Bile acids are recognized as potent regulators of the FXR-FGF-19 axis; increases in bile acids and altered composition may also contribute to efficacy of bariatric surgery [17, 38, 39]. Moreover, postoperative increases in serum total bile acids are paralleled by and correlated with increases in FGF-19 in multiple studies [33, 34, 40, 41]. Thus, unique and progressive perturbations in bile acid enterohepatic recirculation and metabolism over time could contribute to differential activation of FXR-FGF-19 signaling, particularly in the postprandial state, and contribute to observed increases in plasma FGF-19 levels in PBH.

While we do not find differences in fasting plasma bile acid composition between PBH and asymptomatic post-RYGB groups, it is possible that prandial plasma levels of bile acids or luminal bile acids with greater FXR agonism are increased in PBH. Bile acid composition and levels could also be modulated by RYGB-mediated microbiome changes [42]; microbial 7α-dehydroxylation could increase luminal conjugated bile acids, potentially yielding stronger agonists for FXR and promoting FGF-19 synthesis [38]. Comparing the gut microbiome, luminal bile acids, and neuroendocrine cell populations in patients with and without PBH will be challenging but important in future studies.

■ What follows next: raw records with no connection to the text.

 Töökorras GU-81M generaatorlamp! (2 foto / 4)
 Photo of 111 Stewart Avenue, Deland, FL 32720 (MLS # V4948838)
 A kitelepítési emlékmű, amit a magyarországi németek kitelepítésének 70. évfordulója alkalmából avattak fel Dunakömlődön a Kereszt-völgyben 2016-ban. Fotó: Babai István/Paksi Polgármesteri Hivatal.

We acknowledge several limitations. Since our study is observational, we cannot determine whether the observed increases in FGF-19 are simply associated with hypoglycemia or other components of an exaggerated postprandial response, or play a pathogenic role in driving lower glucose in PBH. Differences in sex distribution, bariatric procedures, and post-surgical anatomy, such as roux limb length, and postoperative duration and dietary factors could influence enteroendocrine physiology. Our secondary analyses of FGF-19 in distinct experimental populations and conditions prevented direct comparisons across studies. Although we found no effect of PYY and GLP-1 infusion on circulating FGF-19 levels in healthy men, we cannot rule out that each incretin may have opposing effects. Future investigations will need to test the impact of each incretin individually.

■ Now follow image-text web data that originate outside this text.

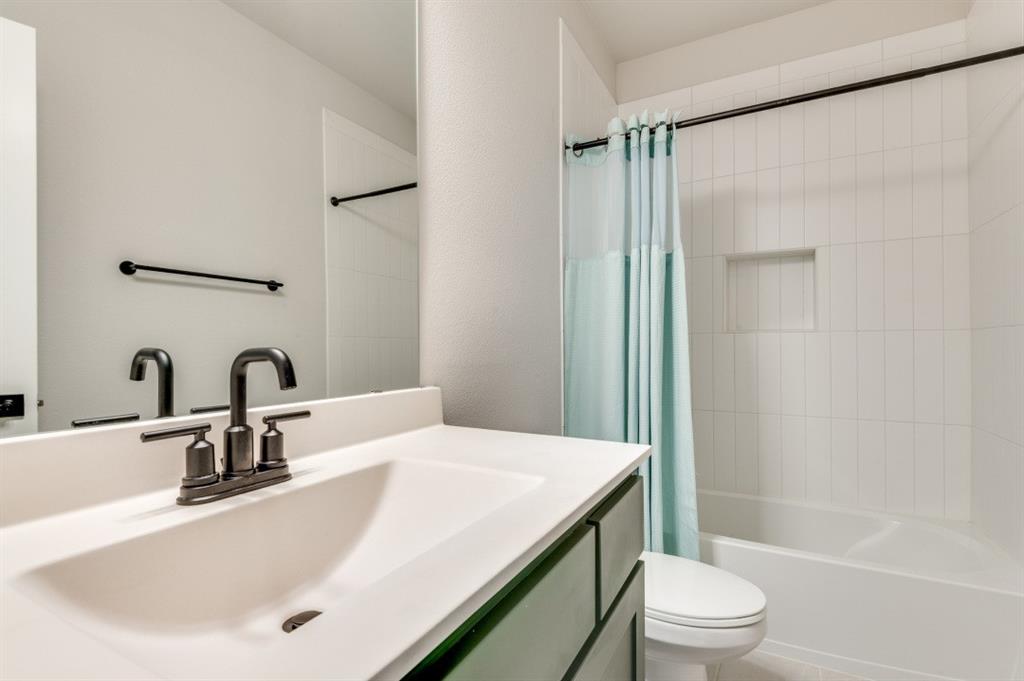 LAKESIDE AT VIRIDIAN - Residential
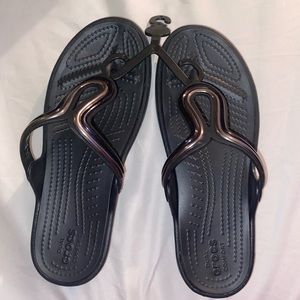 Crocs Size 7 sandals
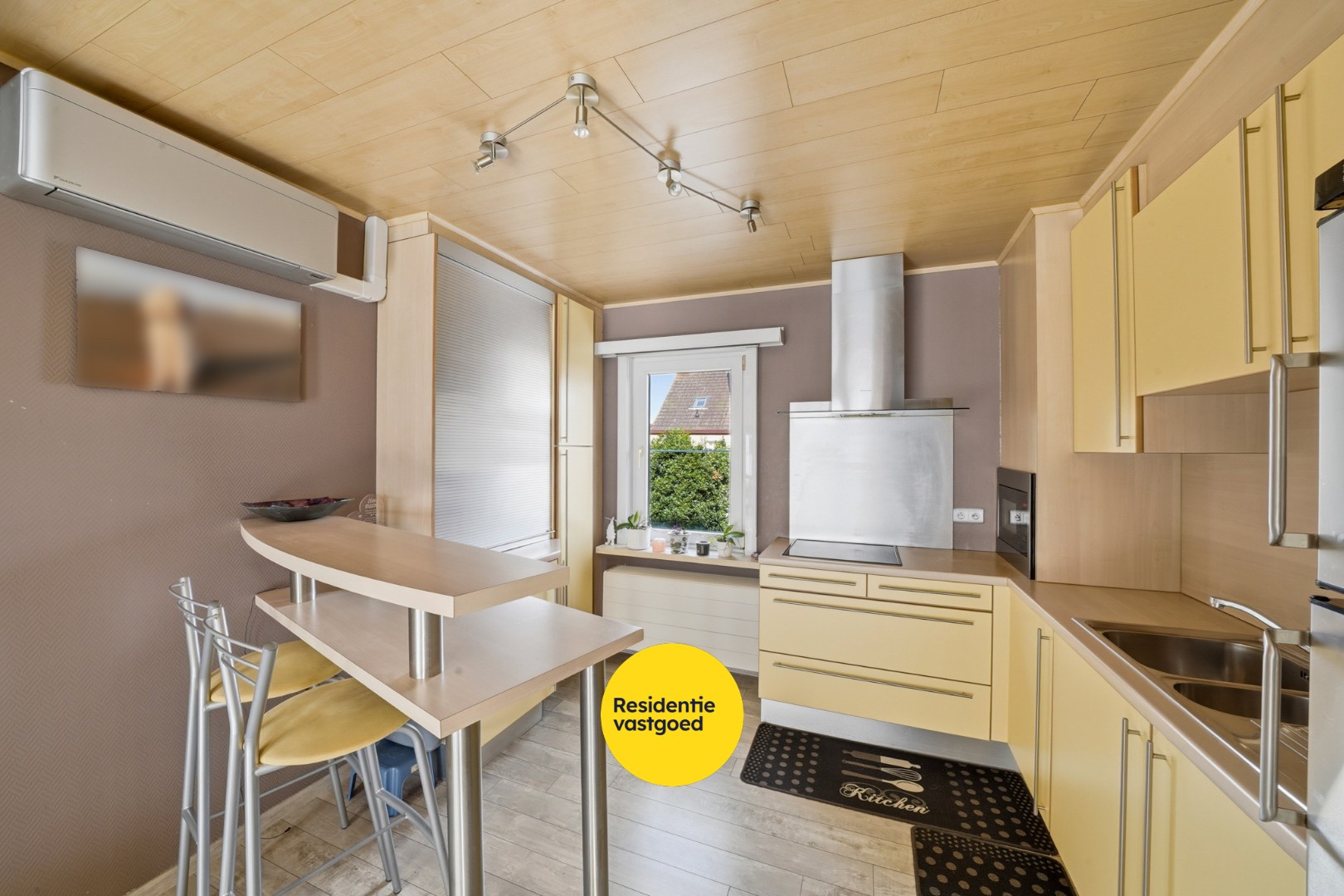 Instapklare bel-étagewoning met dubbele garage te Stene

In summary, we report identification of FGF-19 as the most significantly upregulated protein in PBH. Given that FGF-19 can potently reduce glucose, these data support a novel hypothesis that FGF-19 may be a key contributor to PBH, potentially via modulation of the bile acid-FXR-FGF-19 axis. Increases in FGF-19 do not appear to be a direct consequence of increased plasma incretins, as infusion of GLP-1/PYY did not increase FGF-19 levels acutely, and Ex-9 did not reduce FGF-19 levels in healthy or asymptomatic post-RYGB individuals. By contrast, antagonism of GLP-1 receptor signaling uniquely increased FGF-19 levels in PBH, indicating complex interactions between GLP-1 and FXR-FGF-19 signaling in PBH. Future studies of upstream pathways regulating both incretin and BA-FXR-FGF-19 pathways will be required to further define these complex interactions and to determine if this pathway could be a therapeutic target for PBH.